Anyone who has traveled in the American Southwest, for example, or in the deserts of North Africa, will be familiar with dunes. They move the same way on Earth as they do on Mars and now, Titan.

Images and discoveries like these of dunes on other worlds are all part of planetary science. Or, if you like, comparative planetology. Essentially when we look at other planets, we look for things we can explain and understand based on processes we see and usually understand here on Earth.

What are those processes?  Think of them in terms of what modifies a planet. What changes its surface or its atmosphere?  It’s easiest to think about what happens to Earth over time.  Geologists look at processes like volcanism (the action of volcanoes and volcanic flows), tectonism (faulting and folding of a planet’s outer layer), impact cratering (when projectiles slam into the surface and create craters), and atmospheric processes.  Geology is, in fact, a huge part of planetary science.

In the case of dune creation on Earth and other worlds, planetary scientists focus on the atmospheric processes that shape a planet. These can be things like rain or snow falling onto a surface and changing it in some way. Or, it can be chemical weathering — that is, the action of a chemical like (say) sulfuric acid falling as rain on a surface and eating away at it.  Or, we can see what’s called “aeolian” (wind-blown) changes to a surface. Sometimes this means that a surface is scoured clean by winds. Or, it can mean — as we’ve sen in these images of Titan, Earth, and Mars — that winds are taking what’s already present on the surface — piles of sand and dust — and moving them along, forming dunes as they go.

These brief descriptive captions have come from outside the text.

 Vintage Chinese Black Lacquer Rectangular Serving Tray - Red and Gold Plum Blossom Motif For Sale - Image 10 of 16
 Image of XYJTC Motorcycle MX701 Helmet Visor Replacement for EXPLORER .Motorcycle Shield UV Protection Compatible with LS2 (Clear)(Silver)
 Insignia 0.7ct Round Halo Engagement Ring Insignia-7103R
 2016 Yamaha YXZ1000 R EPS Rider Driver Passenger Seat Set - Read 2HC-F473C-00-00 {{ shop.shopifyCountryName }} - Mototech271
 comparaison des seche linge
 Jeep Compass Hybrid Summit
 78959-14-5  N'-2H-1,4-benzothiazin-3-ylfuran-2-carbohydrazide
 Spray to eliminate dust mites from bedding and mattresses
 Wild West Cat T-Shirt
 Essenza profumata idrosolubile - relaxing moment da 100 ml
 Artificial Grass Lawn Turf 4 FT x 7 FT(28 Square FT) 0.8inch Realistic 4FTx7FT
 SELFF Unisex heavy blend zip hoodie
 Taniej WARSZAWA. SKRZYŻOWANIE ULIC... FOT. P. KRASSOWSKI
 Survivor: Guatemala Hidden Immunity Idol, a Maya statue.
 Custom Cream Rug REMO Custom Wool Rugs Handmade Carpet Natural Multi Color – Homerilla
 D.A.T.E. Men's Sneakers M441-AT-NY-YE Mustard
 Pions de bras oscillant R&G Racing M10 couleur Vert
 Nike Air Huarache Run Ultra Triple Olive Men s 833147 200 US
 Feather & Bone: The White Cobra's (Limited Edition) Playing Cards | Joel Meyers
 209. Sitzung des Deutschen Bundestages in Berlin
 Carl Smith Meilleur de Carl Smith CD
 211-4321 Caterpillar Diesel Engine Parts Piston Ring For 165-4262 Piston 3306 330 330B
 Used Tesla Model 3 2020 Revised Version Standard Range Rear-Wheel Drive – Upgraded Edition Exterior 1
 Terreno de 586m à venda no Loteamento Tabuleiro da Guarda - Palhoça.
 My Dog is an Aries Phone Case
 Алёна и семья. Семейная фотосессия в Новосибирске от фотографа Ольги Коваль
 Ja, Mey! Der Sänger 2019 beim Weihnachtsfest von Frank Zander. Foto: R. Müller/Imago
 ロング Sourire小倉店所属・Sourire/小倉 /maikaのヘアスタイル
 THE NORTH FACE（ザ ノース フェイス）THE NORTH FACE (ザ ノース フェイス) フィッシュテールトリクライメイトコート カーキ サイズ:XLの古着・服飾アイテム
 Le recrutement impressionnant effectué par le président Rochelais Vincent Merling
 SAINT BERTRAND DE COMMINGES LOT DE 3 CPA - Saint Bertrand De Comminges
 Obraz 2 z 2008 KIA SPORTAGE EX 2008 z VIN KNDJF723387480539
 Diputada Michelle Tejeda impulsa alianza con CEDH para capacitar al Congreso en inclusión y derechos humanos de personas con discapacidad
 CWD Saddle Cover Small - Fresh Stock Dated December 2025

As we see more familiar processes occurring on other worlds, we can more easily explain them in terms of what we know about from what we see on Earth. These intriguing images, and many others taken by scores of spacecraft at other planets, are — in a very large sense — making us more at home in the solar system, even as they teach us about our own planet’s place in the hierarchy of worlds that orbit the Sun.